Multi-repo bulk operations

Source: gh-collab-manager/server.js — bulk collaborator add/remove Category: Pattern — API design

Multi-repo bulk operations — the user selects 15 repos and asks to add a collaborator to all of them. Doing it naively (one await at a time, fail the first error) produces a UX nightmare. The right shape: concurrent-with-limit, per-item status, surface the partial failures.

What it is

A function that takes a list of targets and an operation; runs N in parallel (with a concurrency cap); collects per-target success/failure; returns a structured result the UI can render. The caller never sees “failed at repo #7; you’re now in an unknown state”.

Why it exists

The problem: serial for await of N operations has three failure modes:

First error halts everything. Success on repos 1-5, fail on 6, repos 7-15 never tried. User has to retry and deal with partial state.
No progress signal. User clicks “Apply”; UI freezes for 30 seconds; either succeeds or fails with no intermediate visibility.
Full parallelism hits GitHub rate limits. await Promise.all(...) fires 50 concurrent requests; GitHub secondary rate limit kicks in, most requests fail.

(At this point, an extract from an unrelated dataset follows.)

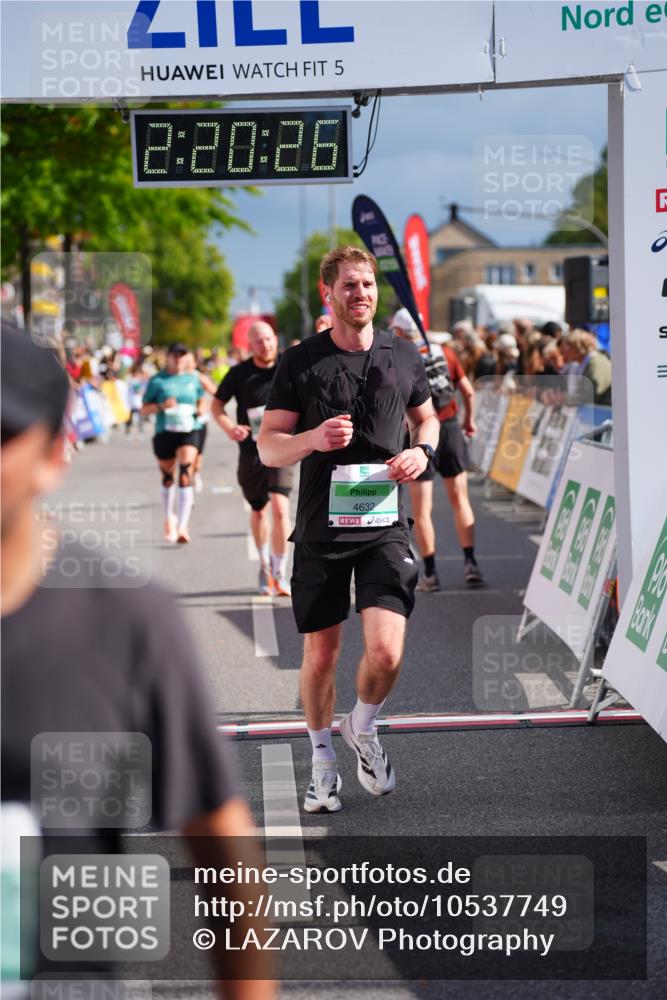 20.09.2026 - PSD Bank Halbmarathon LAZAROV Photography http://msf.ph/oto/10537749 20.09.2026 12:20:25 Ziel 1021, 1261, 1294, 1628, 1755, 1892, 3085, 3097, 4228, 4237, 4270, 4632 meine-sportfotos.de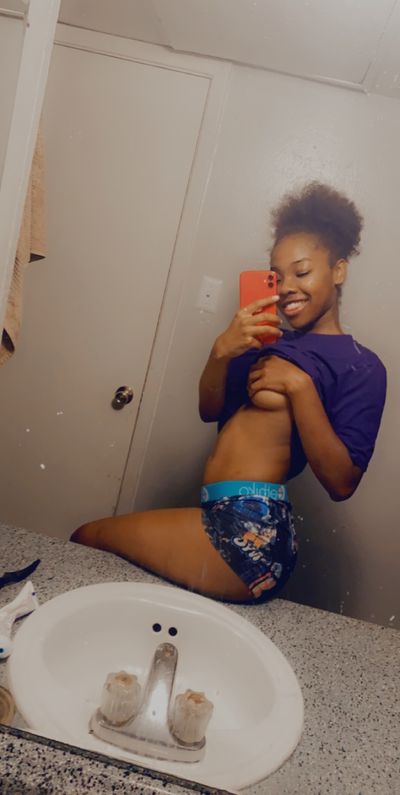 Miss Petitee profile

The fix: bounded concurrency + per-item result tracking.

Shape

interface BulkResult<T> {
  item: T;
  status: 'success' | 'failure' | 'skipped';
  error?: string;
  result?: unknown;
}

async function bulkOp<T>(
  items: T[],
  op: (item: T) => Promise<unknown>,
  options: { concurrency?: number; onProgress?: (done: number, total: number) => void } = {}
): Promise<BulkResult<T>[]> {
  const concurrency = options.concurrency ?? 3;
  const results: BulkResult<T>[] = [];
  let done = 0;

  async function worker(queue: T[]) {
    while (queue.length > 0) {
      const item = queue.shift();
      if (!item) break;
      try {
        const result = await op(item);
        results.push({ item, status: 'success', result });
      } catch (err: any) {
        results.push({ item, status: 'failure', error: err.message });
      }
      done++;
      options.onProgress?.(done, items.length);
    }
  }

  const queue = [...items];
  const workers = Array.from({ length: concurrency }, () => worker(queue));
  await Promise.all(workers);
  return results;
}

Usage:

const results = await bulkOp(
  selectedRepos,
  (repo) => gh(['api', `repos/${repo.owner}/${repo.name}/collaborators/${username}`, '-X', 'PUT']),
  {
    concurrency: 3,
    onProgress: (done, total) => socket.emit('progress', { done, total }),
  }
);

const succeeded = results.filter(r => r.status === 'success').length;
const failed = results.filter(r => r.status === 'failure');
// Return { succeeded, failed: failed.map(f => ({ repo: f.item, error: f.error })) } to the client

UX conventions

“Applying to 15 repos…” with a progress bar during the operation
Result screen shows all outcomes: “12 succeeded, 3 failed (click to expand)”
Failed items show the repo name and the error message — actionable info
Retry individually button on each failed item — don’t force a full re-run

How it’s used

gh-collab-manager — add/remove collaborator across selected repos; cancel invitations; update metadata
Pattern generalizes to any batch action across API-bounded resources

Gotchas

Partial success is the norm. Code and UX assume some items fail. Don’t display ”✅ Success” for the whole batch if even one failed.
Concurrency cap matters. GitHub’s secondary rate limit kicks in around 10-15 concurrent requests from one user. 3-5 is safe; 2 is very safe.
Progress granularity. Emit progress per item, not per worker. Users want to see the counter increment.
Timeout per item. A single repo’s API call hanging blocks the worker; other workers keep going, but one await stays stuck forever. Wrap each op() in a timeout: Promise.race([op(item), timeout(30_000)]).
Cancellation. If the user clicks Cancel mid-operation, the already-running API calls complete; new items don’t start. AbortController on each call plus a queue-drain flag.
Idempotence. If the user retries after partial failure, the already-successful items should no-op. Most GitHub mutations are idempotent (PUT/DELETE) — but verify.
Don’t log the whole result server-side. With 1000 items, the log becomes useless. Log counts + sample failures.
Serialize the UI. Don’t let the user trigger another bulk op while one is running; disable the button and show progress.
Deterministic order. Return results in the input order (not completion order) so the UI’s “3 failed” matches the user’s mental model of which ones.